Dirac's Theorem says:

If a connected graph $G$ has $n \ge 3$ vertices and $\delta(G) \ge \frac{n}{2}$, then $G$ is Hamiltonian.

Now I want to prove this theorem by induction on $n$.

For $i=3$, we have $\delta(G) \ge 2$ which means our graph is complete. So, it has a cycle with the length of $n-1+1=n$ which is a Hamiltonian cycle.

Now we assume that for every integer less than $n$, if we have a graph like $G$ with $\delta(G) \ge \frac{n}{2}$ , $G$ is hamiltonian.

What we want to prove is that a graph with $n$ vertices and $\delta(G) \ge \frac{n}{2} $ , is Hamiltonian.

Assume that $G$ is a graph with $n$ vertices. If $G$ is a complete graph, then it is Hamiltonian and we are done. So we should prove the theorem for the graphs which are not complete.

If $G$ is not complete, then we have:
$\exists u \in V(G)$ $\exists v \in V(G)$ $uv \notin E(G)$.

Now we define $G':= G-\{u,v\}$
in $G'$, we have 3 kinds of vertices : The vertices which have 2 or more adjacent vertices, the vertices which are not connected to any of the vertices and the vertices which are connected to just 1 vertex.

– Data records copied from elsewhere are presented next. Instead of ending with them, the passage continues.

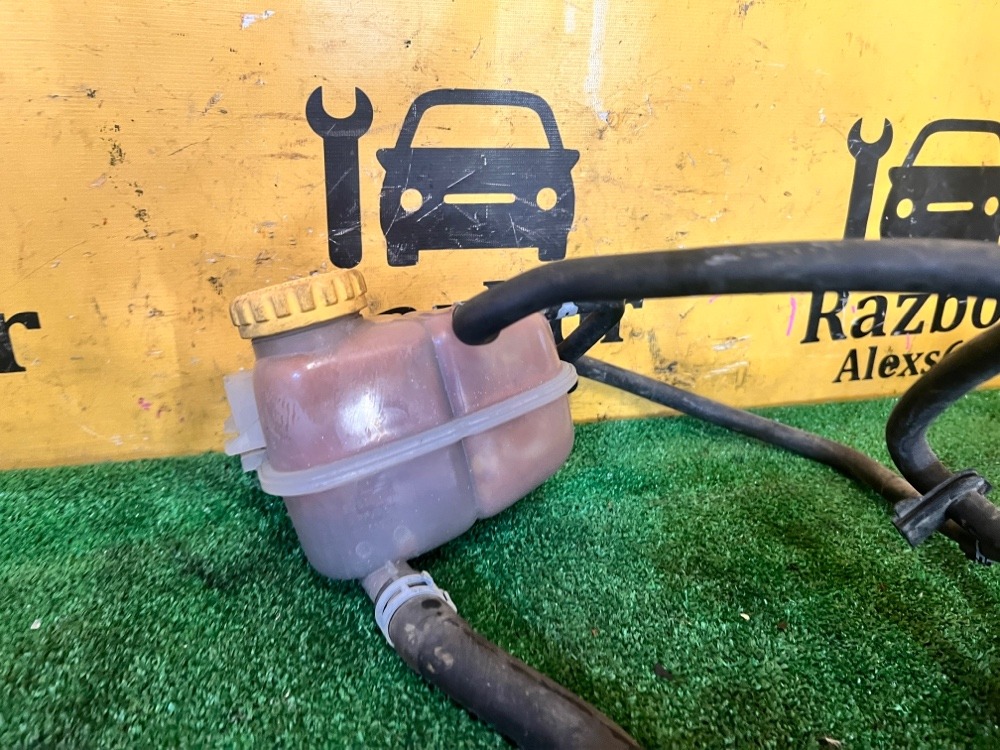 Расширительный бачок Opel Astra 2003 G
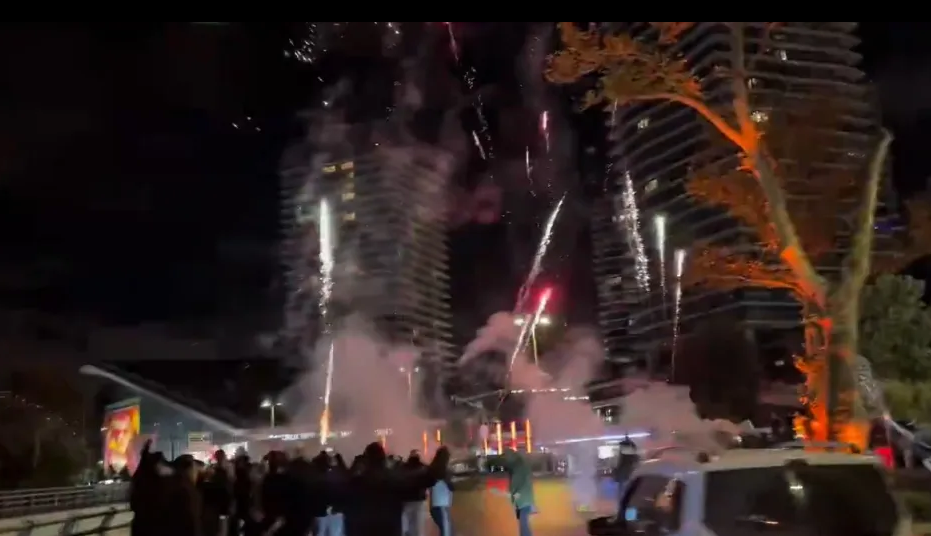 NHM Galatasaray đốt pháo hoa bên ngoài khách sạn của Liverpool 1 NHM Galatasaray đốt pháo hoa bên ngoài khách sạn của Liverpool 1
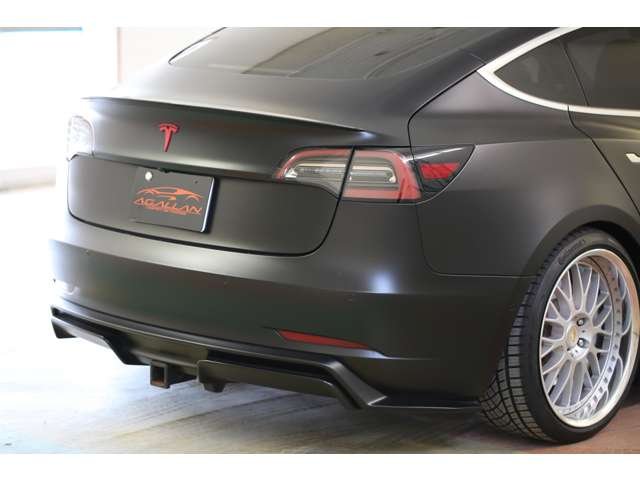 テスラモデル３　パフォーマンス　入庫しました。ＷＯＲＫ２０ＡＷ　ダウンサス　アーティシャンスピリッツエアロ　ＥＴＣ　３６０度カメラ　オートパイロット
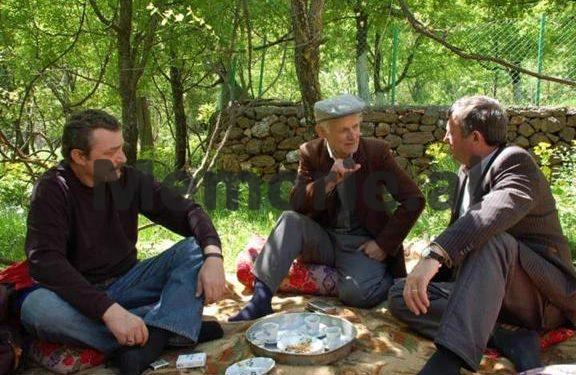 “Çfarë më tha Tos Baxhaku për profesionin e gazetarit në takimin e parë që pata me të…”?!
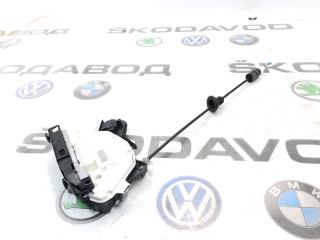 Замок двери задний правый Skoda Octavia
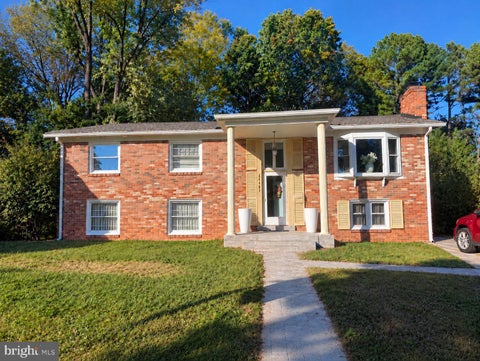 Photo of 14782 - Darbydale Darbydale Avenue, WOODBRIDGE, VA 22193 (MLS # VAPW2133428)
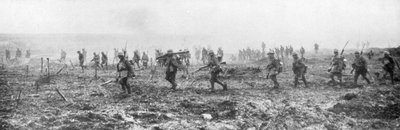 Kanadische Truppen im Niemandsland, Vimy, Frankreich, Erster Weltkrieg, 9. April 1917 von Unbekannt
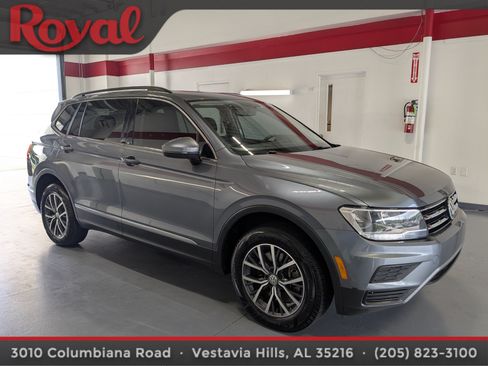 Used 2020 Volkswagen Tiguan SE w/ Panoramic Sunroof Package FWD image 5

Now I'm stuck on this and i don't know how to use induction.
What should i do next?

Thanks in advance.


I think to use induction you should start simmilar to this:

Hypothesis: A graph with n-1 vertices and a minimum degree for each vertex of $(n-1)/2$ it is Hamiltonian.

Now take a graph with n vertices and look at one specific "added" vertex. You will notice that each of the other n-1 vertices has at most one edge conneced to the added vertex.

What does this tell you about the subgraph consisting of these $n-1$ vetices? What do you do with the "added" vertex, which has $n/2$ or more edges?

I hope this is enough of a hint how to start the induction. Your ansatz does not quite work since $\delta(G)$ is the minimum degree for each vertex so each vertex has at least n adjacent vertices.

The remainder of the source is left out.